[Opening RAW DATA section]
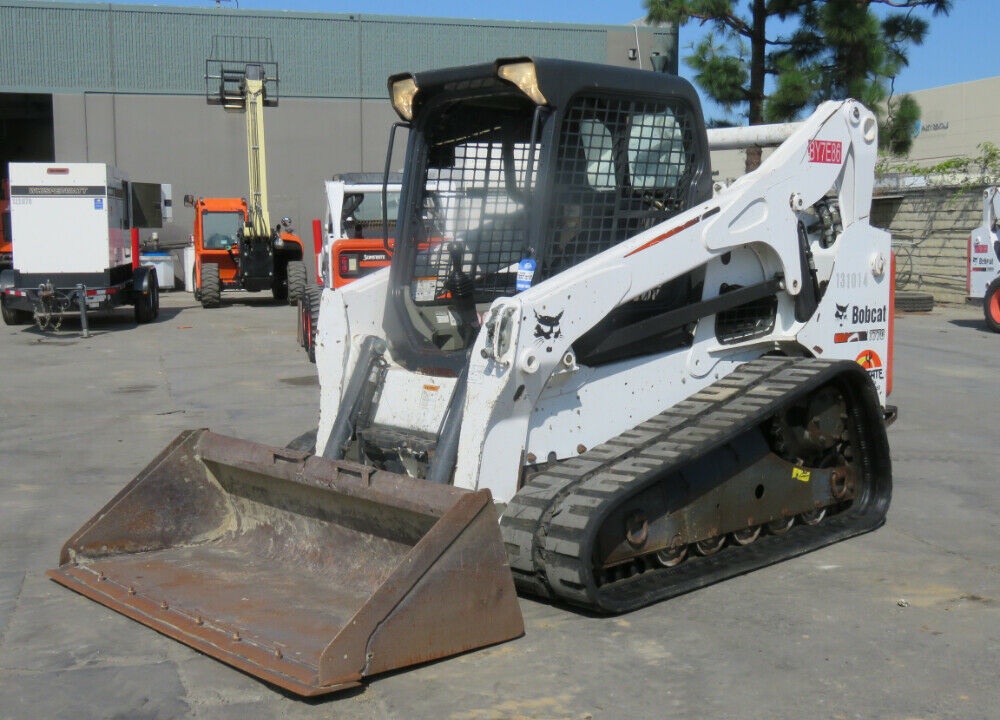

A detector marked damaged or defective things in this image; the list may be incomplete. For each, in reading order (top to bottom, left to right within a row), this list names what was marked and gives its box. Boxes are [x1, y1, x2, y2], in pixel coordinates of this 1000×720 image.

rusty steel bucket [48, 430, 524, 696]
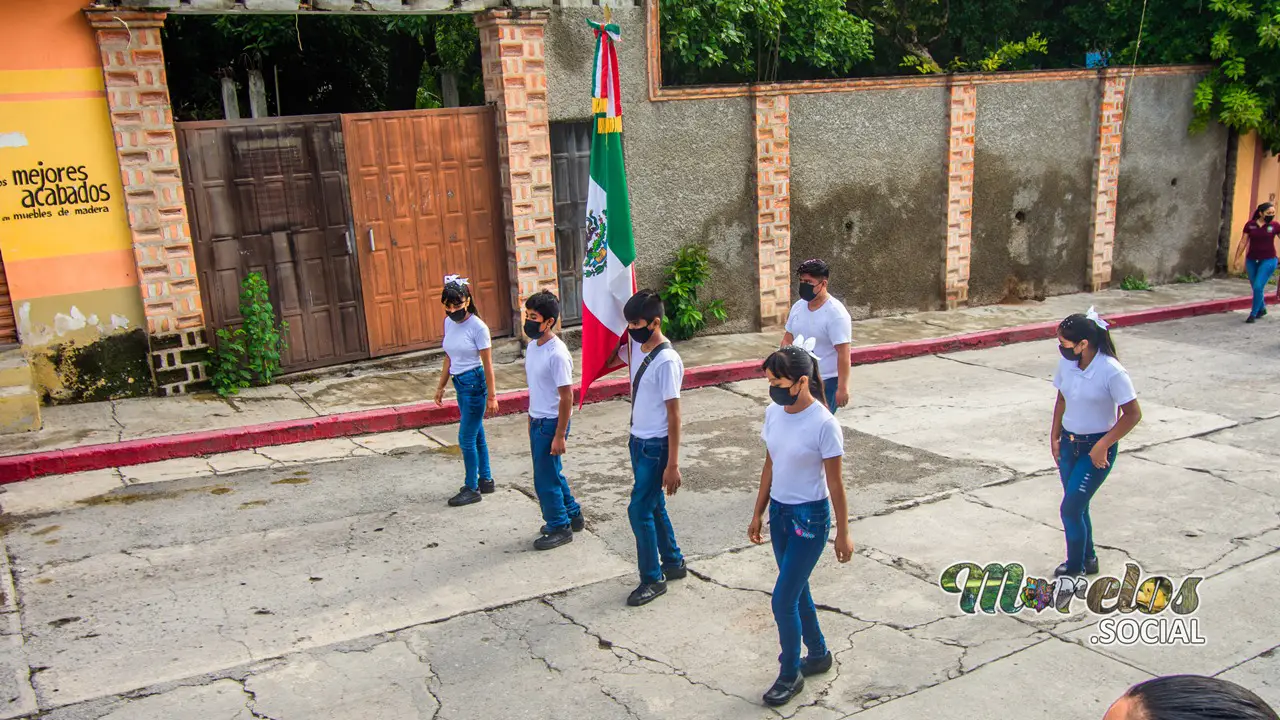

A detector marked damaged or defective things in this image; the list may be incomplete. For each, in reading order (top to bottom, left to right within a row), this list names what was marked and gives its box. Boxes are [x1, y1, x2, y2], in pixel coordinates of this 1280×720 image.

cracked pavement [2, 316, 1280, 720]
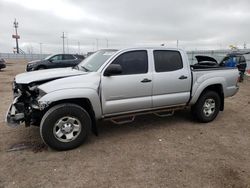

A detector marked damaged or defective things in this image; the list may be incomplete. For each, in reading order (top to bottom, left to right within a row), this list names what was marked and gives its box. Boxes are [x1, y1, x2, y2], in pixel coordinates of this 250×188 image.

crumpled hood [15, 67, 87, 83]
damaged front end [5, 81, 47, 128]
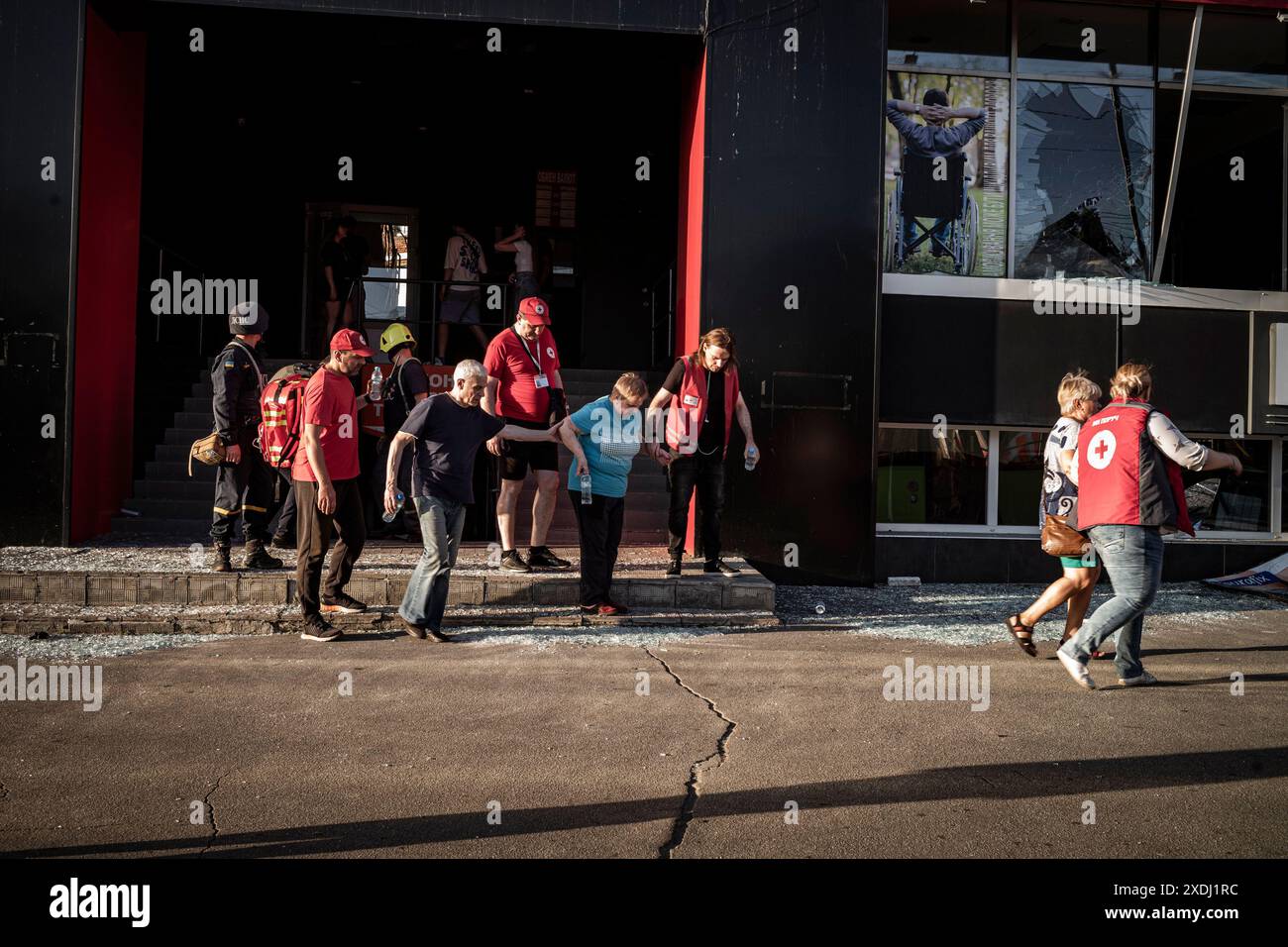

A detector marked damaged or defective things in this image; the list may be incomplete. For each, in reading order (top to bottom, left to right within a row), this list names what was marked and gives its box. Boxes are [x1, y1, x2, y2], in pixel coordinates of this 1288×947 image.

shattered glass [1015, 82, 1157, 277]
broken window [1015, 81, 1157, 279]
cracked pavement [2, 606, 1284, 860]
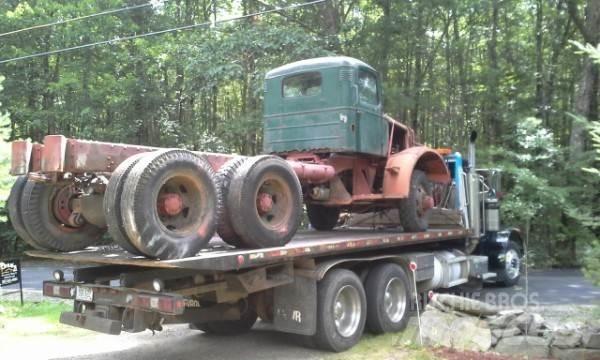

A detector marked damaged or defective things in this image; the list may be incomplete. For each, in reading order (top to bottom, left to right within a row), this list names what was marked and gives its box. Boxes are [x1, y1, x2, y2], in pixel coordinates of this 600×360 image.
[Closing RAW DATA section]
TASK OBJECTIVE:
Each line above is to be copied verbatim. Drop any image from the copy.

OUTPUT FOR THIS EXERCISE:
A detector marked damaged or defective things in this image; the list may be incomplete. For each, in reading order (top to bottom, left to right within a row), this list names what was marked and gives its box. Boxes are [x1, y1, x2, y2], in pixel coordinates of this 1000×720 image.

rusty steel bucket [48, 430, 524, 696]

A detector marked damaged or defective things in this image; the list may be incomplete. For each, in reading order (top to bottom, left to right within a row), this list names what was marked and gives its box. Boxes are [x1, y1, x2, y2], in pixel coordinates of this 1280×720 image.

cracked pavement [2, 316, 1280, 720]

A detector marked damaged or defective things in this image; the list may be incomplete. For each, in reading order (top to bottom, left to right within a row), this list names what was marked and gives its box. Boxes are [x1, y1, x2, y2], in pixel coordinates of this 250×188 image.

crumpled hood [15, 67, 87, 83]
damaged front end [5, 81, 47, 128]

A detector marked damaged or defective things in this image; the list may be incomplete. For each, in reading order (top to bottom, left to right within a row), this list names what was marked and gives its box. Boxes are [x1, y1, x2, y2], in pixel coordinates of this 1288×947 image.

shattered glass [1015, 82, 1157, 277]
broken window [1015, 81, 1157, 279]
cracked pavement [2, 606, 1284, 860]

A detector marked damaged or defective things in this image; the list may be incomplete. For each, in reading order (top to bottom, left to right within a row), this list names what was marked and gives its box. Boxes are [x1, y1, x2, y2], in pixel coordinates of this 600×360 image.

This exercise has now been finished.